NYC never ceases to amaze me. Every time I contemplate moving I have an experience that reminds me why I struggle so much to stay here. Take last night for instance. I left my house en route to the Black Milk Album Release party, dreading going to another event alone. I mean, yes, I knew there would be some people I know in attendance, but I just loathe actually “attending alone.” You know, the awkward moments walking in and hanging around waiting to see someone you know to then tag along with them. I am not good at awkward in-between moments. Luckily, my night didn’t have any of them.
Waiting at my bus stop, I serendipitously met a fellow creative type. He was looking for a restaurant in my neighborhood that sadly didn’t exist anymore. But in the brief 2 minutes we had to talk before my bus came I learned he was a singer/songwriter transplant from Kentucky named Darnell Levine. I told him that if he wanted something to do in BK to check out Southpaw. I left, thinking I would prob never see him again and a lil disappointed we didn’t get to exchange info. But he actually did find both Southpaw and me later on in the night. It was a total movie moment that could only happen in NYC.
I finally arrive @ Southpaw and enter alone. Since none of my Brooklyn Bodega peeps are here I figure I should hit the bar to give me something to do until I can either 1. Interview Black Milk or 2. Find my homegirl EbonyPeace to run amok with. I thankfully didn’t have to entertain myself too long because at that moment my homie 88-Keys ran up on me. I thought it was some dude trying to be funny, but alas it was someone I knew, phew. I was glad to catch up with him since he is never on the scene now that he is happily married with two children. I guess he came out to support the Detroit music movement that would be taking place that night. He also introduced me to another musician named QD, J. Dilla’s cousin and an emcee. After he walked off and I attempted to look totally amused standing there alone, Skyzoo and Illmind came in and grabbed a drink with me. I hadn’t caught up with them since my video debut in “Frisbees.” Skyzoo lamented that “Album of the Year” was not available in Target. Illmind ordered a Long Island Iced Tea and told me he thought the new album was absolutely amazing.
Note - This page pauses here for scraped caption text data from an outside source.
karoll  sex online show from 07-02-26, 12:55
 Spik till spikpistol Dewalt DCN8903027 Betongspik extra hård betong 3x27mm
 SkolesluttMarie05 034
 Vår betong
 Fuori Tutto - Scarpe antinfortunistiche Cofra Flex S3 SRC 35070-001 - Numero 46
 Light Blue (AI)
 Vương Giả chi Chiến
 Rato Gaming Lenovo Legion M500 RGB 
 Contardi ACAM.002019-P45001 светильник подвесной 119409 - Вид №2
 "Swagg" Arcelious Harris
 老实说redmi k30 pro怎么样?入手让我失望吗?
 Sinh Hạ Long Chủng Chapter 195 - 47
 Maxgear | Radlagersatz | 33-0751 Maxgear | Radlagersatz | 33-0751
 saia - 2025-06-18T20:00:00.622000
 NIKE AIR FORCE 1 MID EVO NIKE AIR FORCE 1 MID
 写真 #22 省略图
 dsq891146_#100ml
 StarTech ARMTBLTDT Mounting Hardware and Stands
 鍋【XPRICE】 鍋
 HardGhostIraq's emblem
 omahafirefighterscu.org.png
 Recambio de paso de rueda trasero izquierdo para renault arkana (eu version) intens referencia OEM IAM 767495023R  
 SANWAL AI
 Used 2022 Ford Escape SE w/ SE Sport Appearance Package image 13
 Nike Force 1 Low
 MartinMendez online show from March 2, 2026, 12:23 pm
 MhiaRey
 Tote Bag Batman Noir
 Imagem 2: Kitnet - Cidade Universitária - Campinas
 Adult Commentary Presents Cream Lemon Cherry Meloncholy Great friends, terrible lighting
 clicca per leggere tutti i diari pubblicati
The night continued on in this fashion, more people I knew flooding in, more catching up. I never did actually find myself ever alone. I floated around the venue hopping from co-workers to friends to industry peers. Hit up backstage and did what Black Milk described as a “painless” interview before he took the stage. Watched Pharoahe Monch come in and discuss his new project with BM. He told us that he just got vocals back from Jill Scott that he is excited about. BM suggested he come to Detroit and hit up the studio. Will a BM beat make it on there? Guess we will see.
The show was one of the best I have been to in awhile. Guilty Simpson did his thing. Sean Price of course, killed it – rude and crazy as he is. The crowd loved it and so do I. Pharoahe Monch took the stage with Sean P. and Black Milk to perform their song “Matrix”. That was a nice treat. Black Milk’s set was awesome accompanied by his band. He played old faves like “Fall in Love” (Slum Village) and of course new songs off “Album of the Year” – including my fave”Deadly Medley.” Talib Kweli was in the building to support along with Jean Grae and Rah Digga . DJ Spinna was on the 1’s and 2’s. And just when you thought it was over Black Milk bought out Jay Electronica to say what’s up and then closed by performing a joint with Sean P. and Guilty Simpson off the Random Axe project.
What impressed me most about the night was that there were as many artists in the audience as there were on stage. I mean, people came out as fans and that is always great to see. The place was packed! So much so that Black Milk was completely stunned and overwhelmed. He just couldn’t believe the great response. I guess at the end of the day, we both felt right at home there at Southpaw that night. I realized hip hop has always been a home for me, a place where I feel truly comfortable and like I belong. With hip hop, I am never alone. Thankfully, that hasn’t changed.